The Roman Catholic Church's much-criticized leader in Ireland announced Friday that the Vatican has approved his successor, a reform-minded priest who has been outspoken on the need for more church accountability on child sex abuse.
Cardinal Sean Brady, who resisted calls to resign in 2010 despite being implicated in covering up abuse of children, unveiled Monsignor Eamon Martin as his eventual successor on the front steps of St. Patrick's Cathedral in Armagh, the ecclesiastical capital of Ireland.
The Vatican confirmed that Martin, 51, has been appointed as Brady's "coadjutor archbishop" in Armagh, designating him as the likely next Catholic leader of all Ireland when Brady retires.
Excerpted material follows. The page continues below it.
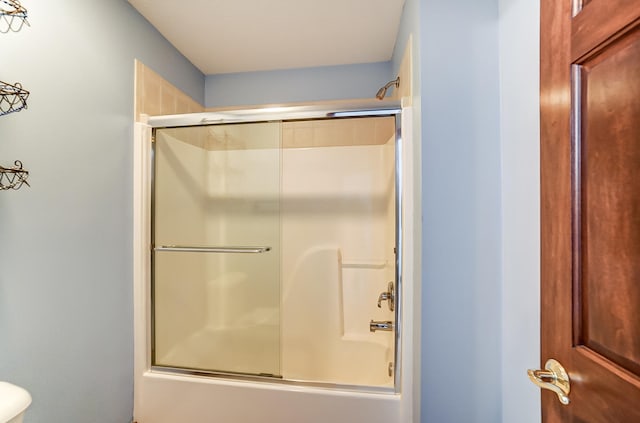 bathroom featuring bath / shower combo with glass door and toilet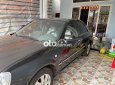 Ford Laser 2004 - Màu đen, 155 triệu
Typically Catholic bishops are supposed to retire at age 75, but Irish church officials said Brady, who is due to reach retirement age next year, might stay in his job leading the island's 4 million Catholics through 2015.
Martin received congratulatory handshakes from well-wishers, among them Catholic schoolgirls and nuns — and emphasized his commitment to greater honesty about the church's sins.
"One of the greatest challenges facing our church is to acknowledge, live with, and learn from the past, including the terrible trauma caused by abuse," Martin said.
Martin today sits on the National Board for Safeguarding Children, a church-funded body that has power to investigate how dioceses and independent orders of priests and nuns concealed child sex abuse in the past, and to recommend reforms to ensure it can't happen again. That board over the past four years has uncovered myriad cover-ups and shoddy practices, including in Martin's own diocese centered on the Northern Ireland city of Londonderry.
That work builds on the efforts of state-authorized investigators who, over the past decade, have published several mammoth reports documenting how church authorities protected pedophiles in their ranks from prosecution from the 1930s to the mid-1990s.
"I think today of all those who have been abused by clergy, and the hurt and betrayal they have experienced. I am saddened that many good Catholics were let down so badly over the issue of abuse and that some have even stopped practicing their faith," Martin said, adding that the church must "ensure that young people are always protected, respected and nurtured."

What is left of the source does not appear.